WHAT YOU NEED TO DO: Only lines, not pictures: please repeat exactly the lines from the one with "50 Piezas De" through the end of the listing.

SUPPLIED MATERIAL:
+---+

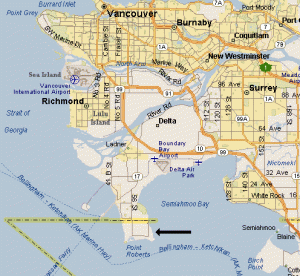 Point Roberts is in an interesting location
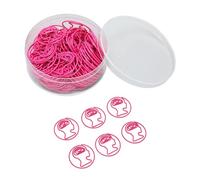 50 Piezas De Clips De Papel En Forma De Cerebro Rosa Para Organizar Papel, Lindos Clips De Papel Marcapáginas Para Suministros De Oficina Archivo Documento Socio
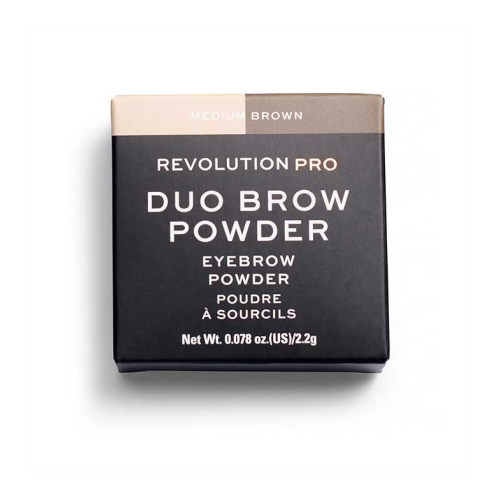 Revolution Pro - Duo Eyebrow Powder - Medium Brown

+---+

REPLY TO THE TASK:
 50 Piezas De Clips De Papel En Forma De Cerebro Rosa Para Organizar Papel, Lindos Clips De Papel Marcapáginas Para Suministros De Oficina Archivo Documento Socio
 Revolution Pro - Duo Eyebrow Powder - Medium Brown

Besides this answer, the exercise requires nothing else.